Thursday, October 19, 2017

Tech Week(s)

Though only this week has been the official tech week for Jekyll and Hyde (tonight being the final day of same), last week, for various reasons also felt like a tech week. That's one reason I didn't post an update on progress until now.

Nothing would be more boring that to share with you all of the little (and big) issues that have spring up that have slowed our progress in this production. Issues that are for the most part particular to the venue, the time of year and other such things. I will generalize the delay by saying that unexpected absences, unexpected equipment issues, some unwanted interference and an over crowded shared venue have all contributed to a trying final two weeks of the rehearsal process, for just about all involved. Everyone's process is slowed as we repair set pieces and try to get the lighting board to cooperate even now.

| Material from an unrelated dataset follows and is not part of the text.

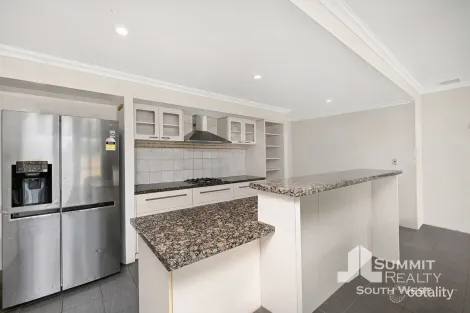 Property photo of 35 Chisholm Road Dalyellup WA 6230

That certainly includes me. I am in fact off book for this show, and I have been. But I find I still trip or slide in places. Part of that may be due to how many lines I have in the show. (I believe in this case I have the plurality of them.) Part of the issue is the nature of the lines. Not only are the period for the Victorian era in some ways, in other ways they are not, which can trip my tongue even more. The script is also, in truth, in need of an editing if ever there is a revised edition to same.

On the whole, there is a lot of stress involved in preparing for this production. Stress that has, I think, slowed my own journey toward total confidence in what I am doing.

I must also mention that because I am on stage so much, I do not get a breather as often as the rest of the cast, or as often as I usually do in a show. That also has no doubt contributed to the pressure.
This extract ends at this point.